1. Alex Preston. "Falling Slowly," from Once, has its own Idol history; adorable Season 8 winner Kris Allen staked his claim with it during Top 7 week that year. Alex smartly didn't copy the original, nor did he pay homage to Kris; instead he quietly tweaked the song just enough to—as they say in Idol parlance, or did anyway before this year's housecleaning—make it his own. The pinched quality of his voice served the song well, and it was just unique enough to not call up immediate comparisons to either Allen or Glen Hansard. He's probably going to stick it out through Top 3.

2. Malaya Watson. Singing "I Am Changing" from Dreamgirls was such a smart move—it allowed her to show off her budding stank while also telling the story of her Idol journey from tuba-playing nerd to, uh, big-voiced nerd. At the end her vocalizing got a bit too excited with itself, but she's so charming and cute and I just want her to go really far because her enthusiasm is completely infectious.

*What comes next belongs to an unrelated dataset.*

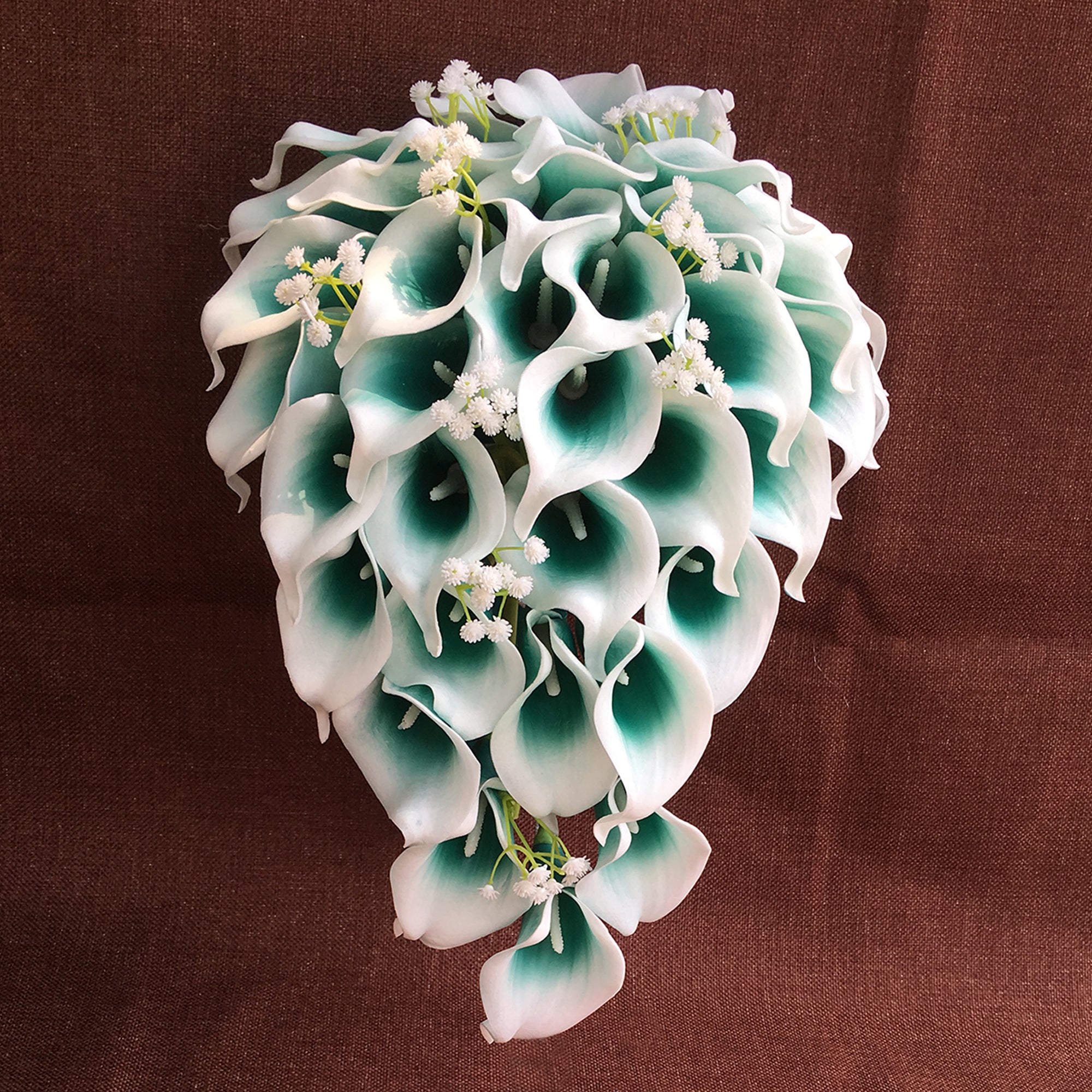 Fake Wedding Bouquet Cascade Picasso Teal Calla Lily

3. CJ Harris. The slippery nature of the theme—which allowed the hopefuls to do songs that were "heavily featured" in movies—led to some smart maneuvering; CJ took his southern-rock bona fides to Blow, of all places, because it featured the Marshall Tucker Band's "Can't You See." A perfect fusion of singer and song that showed how he's straddling the line between country-tinged rock and rock-tinged country.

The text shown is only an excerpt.